Antes mesmo de serem conhecidos os manuscritos, em uma conferência intitulada “Educação Cívica”, JSLN declarara o “ideal” de criar um livro:
“(...) simples, lúcido, saudável, cantante, de alegria e caricioso, que os homens rindo de sua singeleza o estimassem; que fosse amado pelas crianças, que nele, com sua ingênua avidez, fossem bebendo as gotas que se transformassem mais tarde em torrente alterosa de civismo; um livro em que se pudesse condensar o coração meigo, valente e virtuoso da mãe brasileira; a serenidade dos nossos heróis, a independência e a probidade dos nossos estadistas, um livro vibrante em que eu pudesse fazer ressaltar a terra, o povo, a pátria, num relevo tão grande, tão firme, tão iluminado, que impressão da sua leitura fosse eterna” (JSLN in: SCHLEE, 2006, p. 280).

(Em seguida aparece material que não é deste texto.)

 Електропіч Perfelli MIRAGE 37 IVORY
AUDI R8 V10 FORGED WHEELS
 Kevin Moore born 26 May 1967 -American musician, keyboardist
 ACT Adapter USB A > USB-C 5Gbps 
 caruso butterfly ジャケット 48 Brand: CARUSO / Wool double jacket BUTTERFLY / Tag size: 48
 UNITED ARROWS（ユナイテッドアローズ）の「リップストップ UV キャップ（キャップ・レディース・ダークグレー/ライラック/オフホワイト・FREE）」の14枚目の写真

“Artinha da Leitura” – o livro I do projeto Simoneano – foi manuscrita e parcialmente ilustrada com colagens de recortes em 1907 e dedicada “as escolas urbanas e ruraes”. Em julho de 1908 o escritor encaminhou os originais ao Conselho de Instrucção Pública do Rio Grande do Sul conforme Ata da 5ª Reunião (21/07/1908). Nessa, o escriba da Acta registrou:
“Foram apresentados ao Conselho para julgamento os livros: Histórias de nossa Terra de Julia Lopes de Almeida e a Cartilha de leitura: Serie Brasiliana de J. Simões Lopes Netto. Em tempo declaro que este último trabalho foi apresentado em manuscrito e com o ofício do mesmo nº 2028, desta data. Resolveu o Conselho adiar para outra sessão o julgamento dessas obras” (AHRGS: Acta da 5ª Reunião - 21/07/1908).

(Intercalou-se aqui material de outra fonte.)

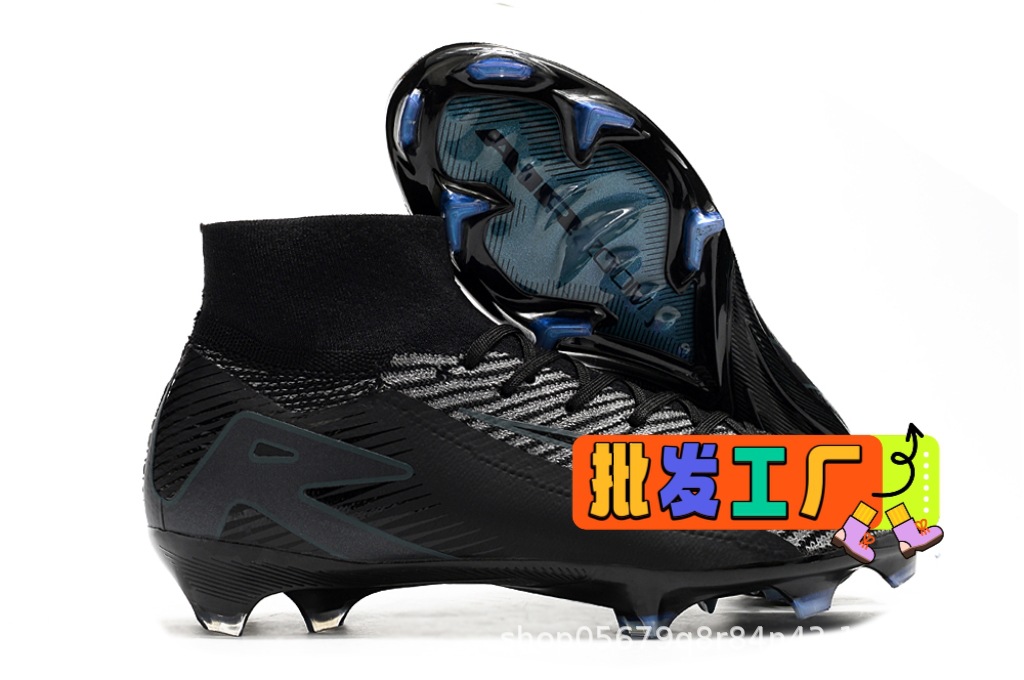 Asesino 16a generación de banda alta luminosa negra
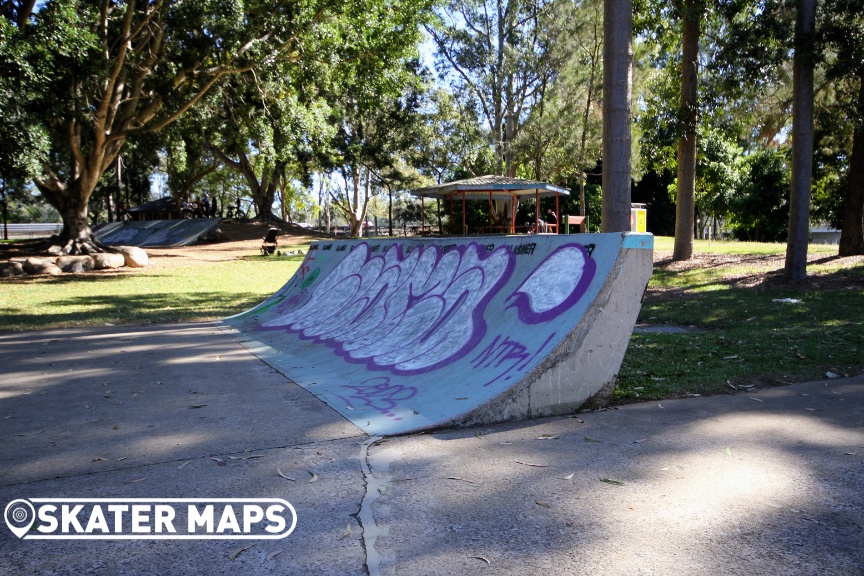 Cairns Street Skate Park 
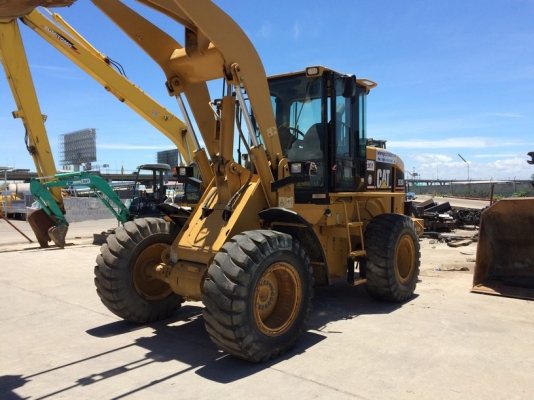 CAT 928G-WLG00740-YR2005-4494 Hr นำเข้าจากญี่ปุ่น ถึงไทยแล้วครับ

Repousando entre raros documentos no Memorial Público do RS, é no segundo parágrafo da Acta da 6ª Sessão (25/07/1908) que se encontra o veredicto do Conselho: “Sobre a cartilha primaria ‘Serie Brasiliana’, em manuscrito, de J. Simões Lopes Netto, entende o Conselho que, não podendo o Estado impõr a orthographia seguida pelo autor, deve ser reparado o trabalho por estar em desacõrdo com o Regulamento e não obedecer ao criterio de ensino”. Assinada por Protásio Alves, Alvaro Batista, e Manuel Pacheco Prates, o “julgamento” não intimidou JSLN que imediatamente ocupou-se em redigir uma “Ligeira Contradicta” (JSLN, 1908) argumentando em favor da ortografia utilizada – motivo de sua recusa – além de se propor a refazê-la.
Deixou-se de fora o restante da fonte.